The Truth-Teller's Tale
- First edition
- Author: Sharon Shinn
- Cover artist: Matt Mahurin
- Language: English
- Series: Safe-Keepers Series
- Genre: Fantasy
- Publisher: Viking Juvenile
- Publication date: 2005
- Publication place: United States
- Media type: Print (Hardcover)
- Pages: 256 pp
- ISBN: 0-670-06000-3
- OCLC: 57893331
- LC Class: PZ7.S5572 Tru 2005
- Preceded by: Safe-Keeper's Secret
- Followed by: The Dream-Maker's Magic

= The Truth-Teller's Tale =

2005 novel by Sharon Shinn

The Truth-Teller's Tale is a medieval fantasy novel by American writer Sharon Shinn, published by Viking in 2005. The sequel to The Safe-Keeper's Secret (2004), the book was recommended for fifth-grade readers and up.

== Plot summary ==
Eleda and Adele, mirror twins, discover that they are a Truth-Teller and a Safe-Keeper, respectively. Truth-Tellers are incapable of telling lies and recognize when others are lying, so society relies on their unwavering trustworthiness. Safe-Keepers cannot reveal what is told to them in confidence, and they bear the burden of people's confessions. The sisters do not realize the ramifications of their gifts until their teen years, when romantic and political intrigue abounds, and situations become more adult. Their friend Roelynn, whose wealthy merchant father intends to marry her off to the prince, sows plenty of wild oats behind her father's back.

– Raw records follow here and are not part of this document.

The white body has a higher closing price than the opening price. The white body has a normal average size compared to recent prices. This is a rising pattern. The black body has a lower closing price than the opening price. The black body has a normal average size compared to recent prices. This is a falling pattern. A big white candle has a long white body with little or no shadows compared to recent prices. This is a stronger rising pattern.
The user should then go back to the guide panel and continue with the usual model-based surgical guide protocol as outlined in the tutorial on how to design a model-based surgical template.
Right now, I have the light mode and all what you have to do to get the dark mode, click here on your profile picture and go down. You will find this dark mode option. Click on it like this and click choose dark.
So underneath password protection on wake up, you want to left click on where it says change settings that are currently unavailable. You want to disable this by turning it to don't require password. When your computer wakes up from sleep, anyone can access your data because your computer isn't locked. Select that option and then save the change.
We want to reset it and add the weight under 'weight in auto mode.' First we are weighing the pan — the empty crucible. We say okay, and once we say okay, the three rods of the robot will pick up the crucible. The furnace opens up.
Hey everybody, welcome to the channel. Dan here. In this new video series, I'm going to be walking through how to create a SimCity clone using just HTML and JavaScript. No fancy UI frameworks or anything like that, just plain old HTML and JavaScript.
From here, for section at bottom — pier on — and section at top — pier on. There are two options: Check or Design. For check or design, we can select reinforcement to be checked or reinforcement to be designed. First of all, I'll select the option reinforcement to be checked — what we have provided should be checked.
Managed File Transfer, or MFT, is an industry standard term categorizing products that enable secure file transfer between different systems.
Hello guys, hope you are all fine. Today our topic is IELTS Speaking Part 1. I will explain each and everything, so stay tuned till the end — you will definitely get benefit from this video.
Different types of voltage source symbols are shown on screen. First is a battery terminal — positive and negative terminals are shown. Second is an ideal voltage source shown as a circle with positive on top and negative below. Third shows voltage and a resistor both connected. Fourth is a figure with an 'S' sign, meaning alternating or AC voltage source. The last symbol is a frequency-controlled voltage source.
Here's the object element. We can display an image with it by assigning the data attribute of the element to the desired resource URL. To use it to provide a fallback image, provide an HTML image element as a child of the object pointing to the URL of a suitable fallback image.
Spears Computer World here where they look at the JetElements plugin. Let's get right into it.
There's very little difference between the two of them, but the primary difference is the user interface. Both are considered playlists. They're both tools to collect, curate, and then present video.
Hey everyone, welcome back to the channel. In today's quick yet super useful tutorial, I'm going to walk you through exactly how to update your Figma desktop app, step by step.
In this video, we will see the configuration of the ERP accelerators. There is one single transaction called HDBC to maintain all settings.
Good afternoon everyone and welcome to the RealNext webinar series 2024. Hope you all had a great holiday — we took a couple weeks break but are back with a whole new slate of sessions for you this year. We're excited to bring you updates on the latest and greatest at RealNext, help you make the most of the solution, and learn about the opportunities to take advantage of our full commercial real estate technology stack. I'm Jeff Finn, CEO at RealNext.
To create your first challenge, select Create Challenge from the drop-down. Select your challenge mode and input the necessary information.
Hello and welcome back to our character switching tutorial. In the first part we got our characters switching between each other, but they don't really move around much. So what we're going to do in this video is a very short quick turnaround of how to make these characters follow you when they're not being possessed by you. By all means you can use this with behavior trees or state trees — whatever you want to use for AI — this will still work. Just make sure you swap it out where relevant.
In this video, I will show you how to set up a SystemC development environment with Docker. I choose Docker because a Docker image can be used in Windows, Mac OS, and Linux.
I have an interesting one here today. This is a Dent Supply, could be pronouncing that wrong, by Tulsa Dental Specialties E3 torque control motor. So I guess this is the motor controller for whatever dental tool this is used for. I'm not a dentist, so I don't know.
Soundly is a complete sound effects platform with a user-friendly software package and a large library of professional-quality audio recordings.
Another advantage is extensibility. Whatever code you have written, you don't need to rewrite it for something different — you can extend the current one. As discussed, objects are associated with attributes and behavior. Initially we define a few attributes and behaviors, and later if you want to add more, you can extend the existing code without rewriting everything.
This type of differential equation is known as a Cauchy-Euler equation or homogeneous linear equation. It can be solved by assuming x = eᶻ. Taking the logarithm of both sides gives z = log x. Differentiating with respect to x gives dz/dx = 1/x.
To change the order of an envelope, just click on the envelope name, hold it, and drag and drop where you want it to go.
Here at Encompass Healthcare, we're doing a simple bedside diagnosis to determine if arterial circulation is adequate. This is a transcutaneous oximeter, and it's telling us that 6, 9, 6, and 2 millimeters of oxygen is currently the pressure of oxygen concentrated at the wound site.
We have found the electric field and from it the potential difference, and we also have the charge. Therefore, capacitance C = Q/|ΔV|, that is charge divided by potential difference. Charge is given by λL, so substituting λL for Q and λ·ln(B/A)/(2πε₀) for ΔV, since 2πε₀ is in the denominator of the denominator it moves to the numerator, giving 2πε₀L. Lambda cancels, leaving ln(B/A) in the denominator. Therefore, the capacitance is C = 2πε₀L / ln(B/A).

She often drags the sisters into the fray, and the summer they are all 17, a chain of events is set into motion that changes their lives.

== Reception ==
A review in School Library Journal argued that while the novel is in some ways a "stereotypical teen romance", "Shinn has a beautiful turn of phrase and a knack for writing a sentence that will stop readers in their tracks." Kirkus Reviews said that while this novel lacks the "spiritual underpinnings and complexity of the first", Shinn had succeeded in writing an "engaging page-turner" that told a "captivating tale".